WebGPU Storage Textures

Storage textures are just textures that you can directly write or “store” to. Normally we specify triangles in a vertex shader and the GPU updates the texture for us indirectly but with a storage texture we can write directly to the texture wherever we want.

Storage textures are not a special type of texture, rather, they are just a texture like any other texture that you create with createTexture. You add the STORAGE_BINDING usage flag and now you can use the texture as a storage texture on top of whatever other usage flags you need and then you can also use the texture as a storage texture.

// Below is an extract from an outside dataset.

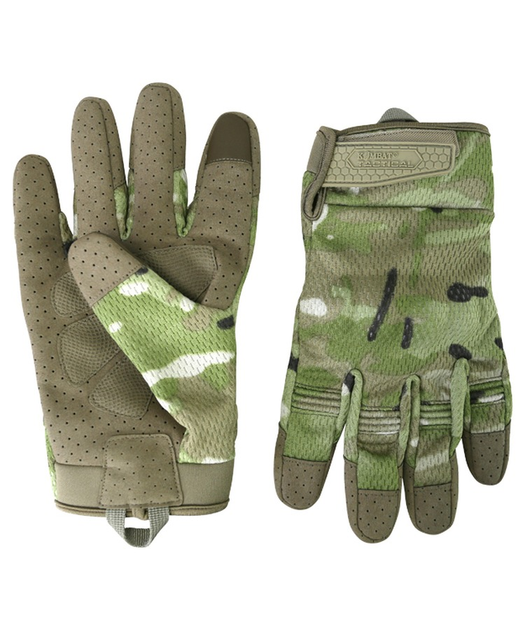 Тактические перчатки KOMBAT UK защитные перчатки XL мультикам TR_kb-rtg-btp-xl - изображение 2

In sense, a storage texture is like a storage buffer that we use as a 2d array. For example we could make a storage buffer and reference it in code like this

@group(0) @binding(0)
  var<storage> buf: array<f32>;

...
fn loadValueFromBuffer(pos: vec2u) -> f32 {
  return buffer[pos.y * width + pos.x];
}

fn storeValueToBuffer(pos: vec2u, v: f32) {
  buffer[pos.y * width + pos.x] = v;
}

...
  let pos = vec2u(2, 3);
  var v = loadValueFromBuffer(pos);
  storeValueToBuffer(pos, v * 2.0);

vs a storage texture

@group(0) @binding(0)
  var tex: texture_storage_2d<r32float, read_write>;

...

   let pos = vec2u(2, 3);
   let mipLevel = 0;
   var v = textureLoad(tex, pos, mipLevel);
   textureStore(tex, pos, mipLevel, v * 2);

So given that those seem equivalent, what are the differences between manually using a storage buffer and a storage texture?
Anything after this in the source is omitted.